» TRY IT:
The reply should contain only the lines from the start of the records through the line with "LENTES DE SOL", reproduced verbatim and without pictures.

» SUPPLIED DATA:
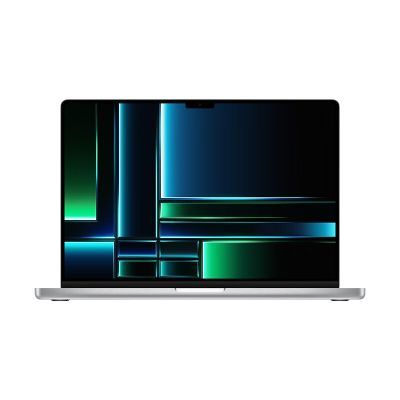 Apple MacBook Pro 16英寸M2 Max芯片12+38核64G+2T定制机笔记本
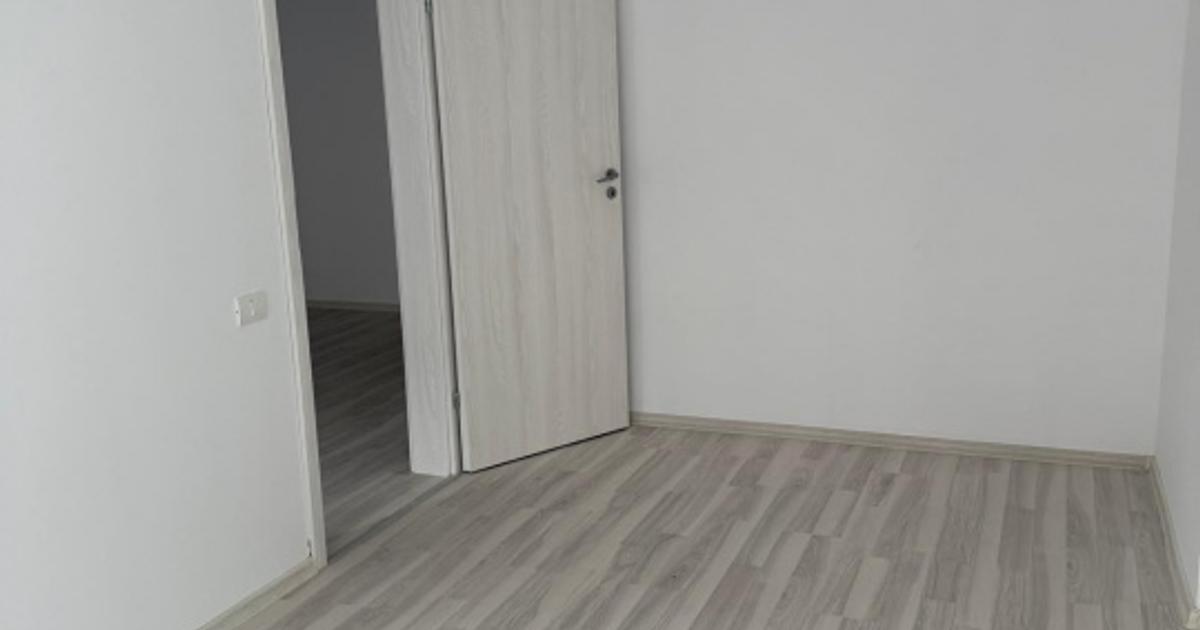 Apartament decomandat cu 2 camere în zona Berceni, Sector 4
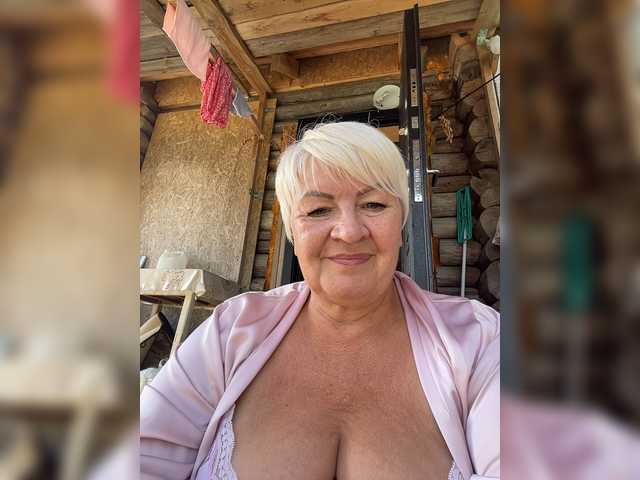 laura-milf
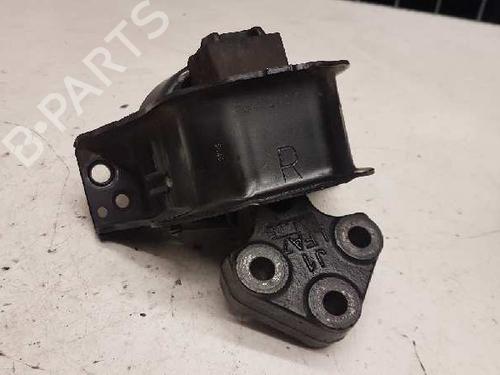 Used Engine mount CITROËN C2 (JM_) 1.6 VTS (122 hp) 28981928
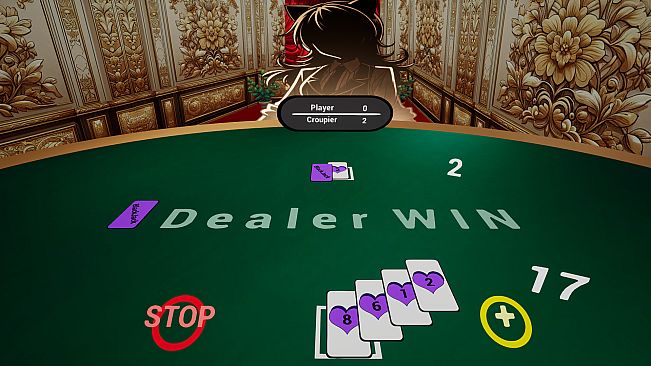 FightCum - Furry & Hentai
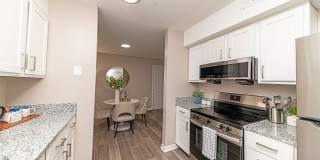 Artisan West Gallery 1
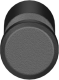Closing plug QSC-8H, 153269 Festo alt_view_4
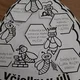 VČELY  4
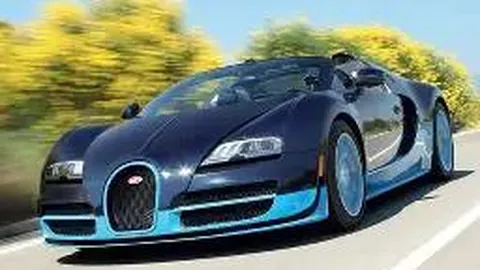 天津CBA功臣告别赛场，徐磊感慨为家乡球队效力自豪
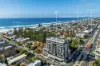 402/48 Ventura Road, Mermaid Beach, Qld 4218-Image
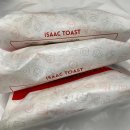 지매곡외 이미지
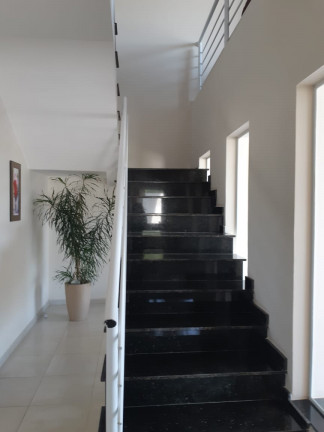Casa com 3 Quartos à Venda, 278 m² em Parque Esplanada - Votorantim
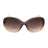 LENTES DE SOL UV400 MUJER X60251 TOMMY HILFIGER TOMMY HILFIGER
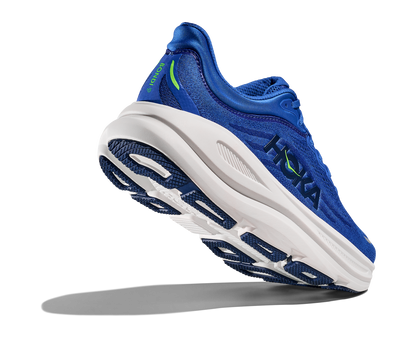 Mens Hoka Bondi 9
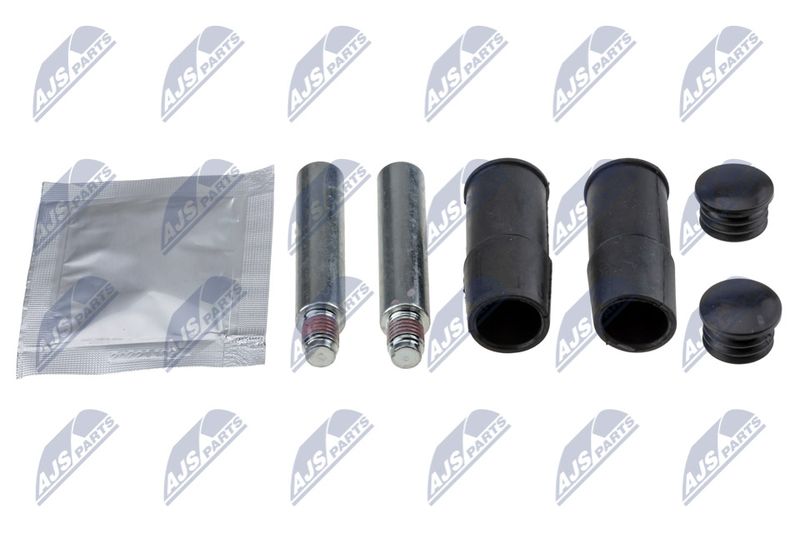 NTY HPZ-BM-001 Guide Sleeve Kit, brake caliper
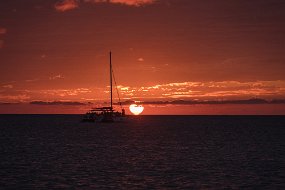 Jamaica 2018 (88 of 128)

» REPLY TO THE EXERCISE:
 Apple MacBook Pro 16英寸M2 Max芯片12+38核64G+2T定制机笔记本
 Apartament decomandat cu 2 camere în zona Berceni, Sector 4
 laura-milf
 Used Engine mount CITROËN C2 (JM_) 1.6 VTS (122 hp) 28981928
 FightCum - Furry & Hentai
 Artisan West Gallery 1
Closing plug QSC-8H, 153269 Festo alt_view_4
 VČELY  4
 天津CBA功臣告别赛场，徐磊感慨为家乡球队效力自豪
 402/48 Ventura Road, Mermaid Beach, Qld 4218-Image
 지매곡외 이미지
Casa com 3 Quartos à Venda, 278 m² em Parque Esplanada - Votorantim
 LENTES DE SOL UV400 MUJER X60251 TOMMY HILFIGER TOMMY HILFIGER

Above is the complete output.